大手ロボットメーカー幹部が未来を語る【前編】/RTJ2022「スペシャルセッション」
テーマ1「ロボット技術は今後どう進化する?」
――今回のスペシャルセッションのテーマは「これからのロボットの使い方」としました。近い未来を見据えた時に、ロボットがどのように進化し、製造現場はどう変わるのか。そのために今から何をすればいいのか。一つ目のお題は「ロボット技術は今後どう進化する?」です。 稲葉清典氏 現場では、ロボットは難しいと感じている人がまだまだ多くおり、その状況を打破したいと考えています。 一つ目はセットアップ。協働ロボット「CRX」シリーズは、注文すると段ボール箱で届き、2人で持ち運べるほど軽いです。軽量化は省エネやカーボンニュートラルにつながります。 二つ目はオペレーション。直感的に簡単に操作できることは重要です。画面上でアイコンを並べ替えるような操作が主流です。さらに進歩すれば、ロボット自身が状況を把握し自分で考えることも可能になるでしょう。それを支えるのがセンサー技術です。一歩進んだ判断するには、人工知能(AI)も重要な技術です。 また、判断を下すために仮想空間を活用することもあります。仮想空間ではトライ・アンド・エラーを現実の時間よりも早く繰り返すことができます。そのためには計算能力の高い産業用PCが不可欠で、わが社もリリースしています。その最大の特徴が保守機能です。 ロボットも、使いやすさとともに、生産財としての信頼性が重要で、保守のために世界中で数万台のロボットがオンラインで接続されています。家電のように気張らずに使えるロボットを実現したいですね。
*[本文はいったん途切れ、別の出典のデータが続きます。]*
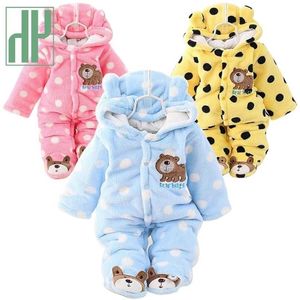 HH Bebé Invierno Cálido Romper Niñas Negros Negra Flannel Otoño Manga larga para Ropa de niño Traje de traje Bear Infante PAJAMAS 211101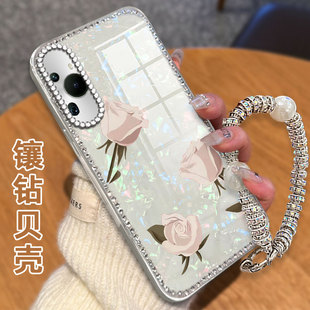 X70 2025年70保護套80se防摔5pro高級感50 30PRo女款 水鉆鑲鉆貝殼紋適用榮耀200手機殼網紅X60i全包6pro新款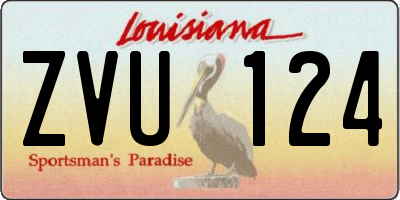 LA license plate ZVU124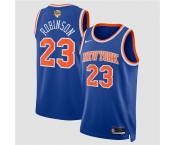 Men's New Yok Knicks #23 Mitchell Robinson Blue 2026 Finals Patch Icon Edition Stitched Basketball Jersey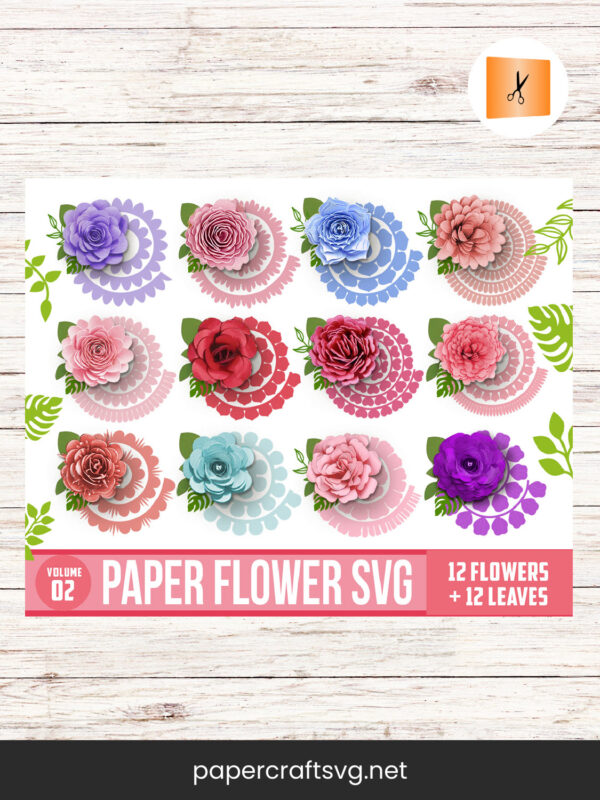 Rolled Flower SVG Template, Digital Download for DIY Paper Flower Decor​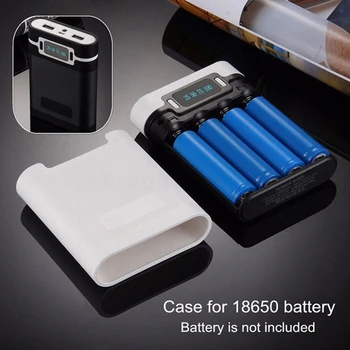 DIY 4 x 18650 Batería Portátil del Banco del Poder de Anti-slip Shell Cuadro 2 USB Salida y la Pantalla LCD Sin Batería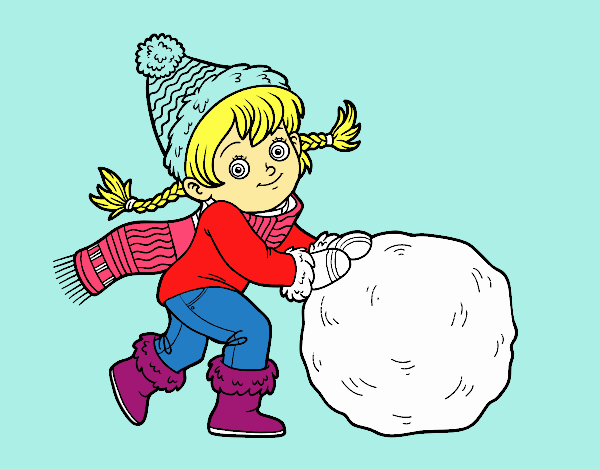 Niña con gran bola de nieve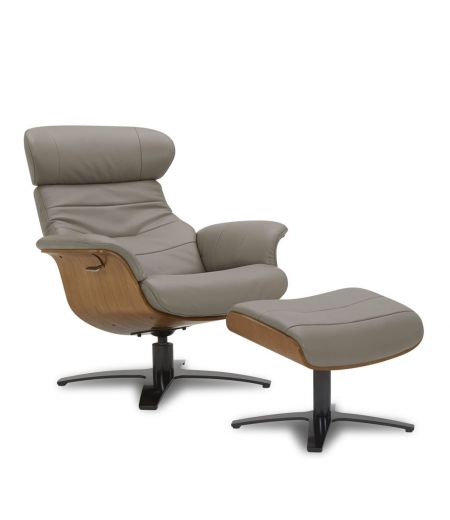 Pouf en Cuir et Chêne Naturel - Véga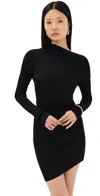 Le Kasha Palamos Asymmetric Cashmere Mini Dress In Black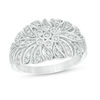 Thumbnail Image 0 of 0.18 CT. T.W. Composite Diamond Leaf Vintage-Style Ring in Sterling Silver - Size 7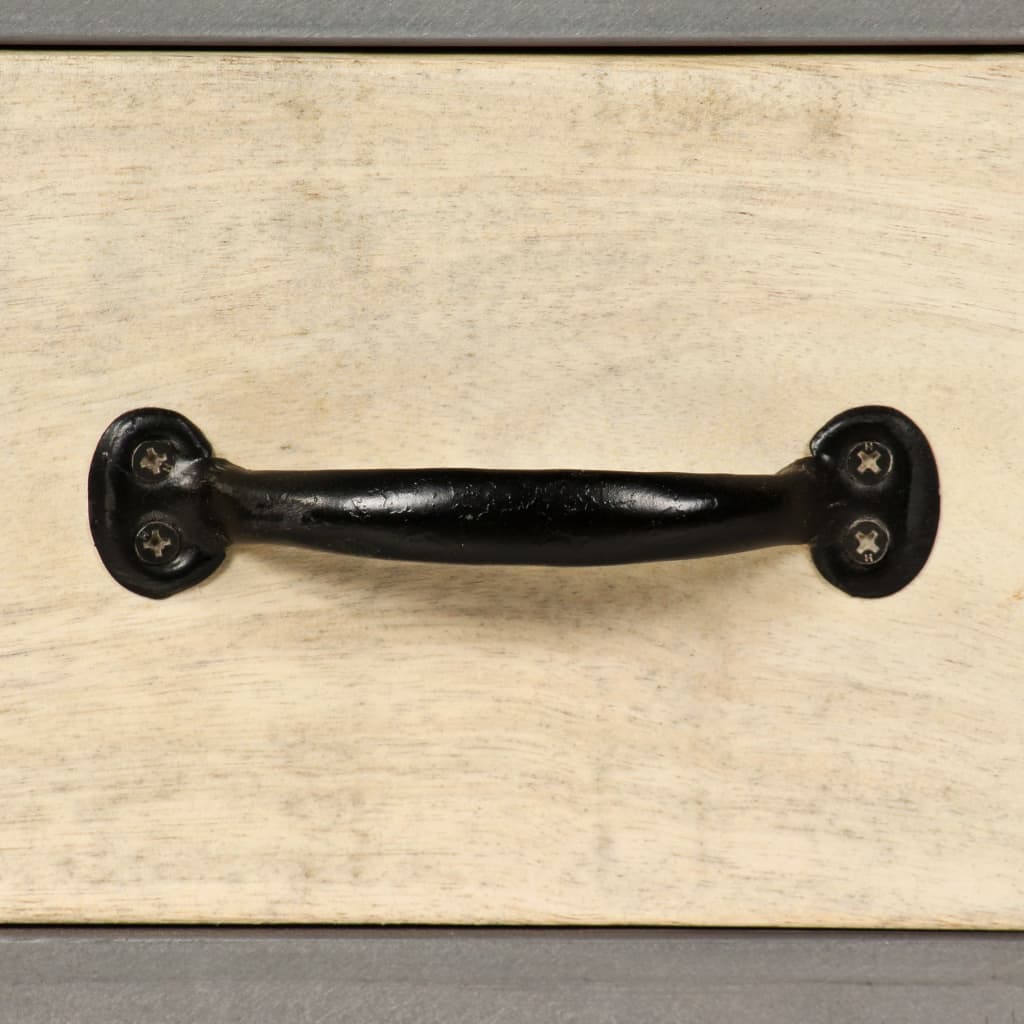 Tv Cabinet Solid Mango Wood And Steel 120X30X45 Cm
小川昌寛氏 分かりやすさを追求しなければならない点については同感です。 今までロボットは、決められたことを再現する使い方では非常に大きなメリットを出してきました。今わが社が目指すのは、未来の決まっていない出来事に対しても、ロボットを活用できるようにすることです。そのためには、物と状況に応じて自律的に動作できることと、いずれはAIが人の感性や柔軟性を実現することが必要です。 つまり、現場のリアルなフレキシビリティーとロバスト性を高めることです。「計画」と「実行」を両立し、変化に対応できるソリューションが生まれれば、自動化の貢献度はさらに高まるでしょう。 仮想空間で計画できることは、現実で実行できることとして、仮想と現実が一致し「ツイン(双子)」の関係になります。現実とのギャップが生まれれば、データを返して改善するというサステナブルな状態を実現し、さまざまな生産活動に貢献できるような技術の進歩が求められているのだろうと思います。われわれはそれを愚直に追求していきます。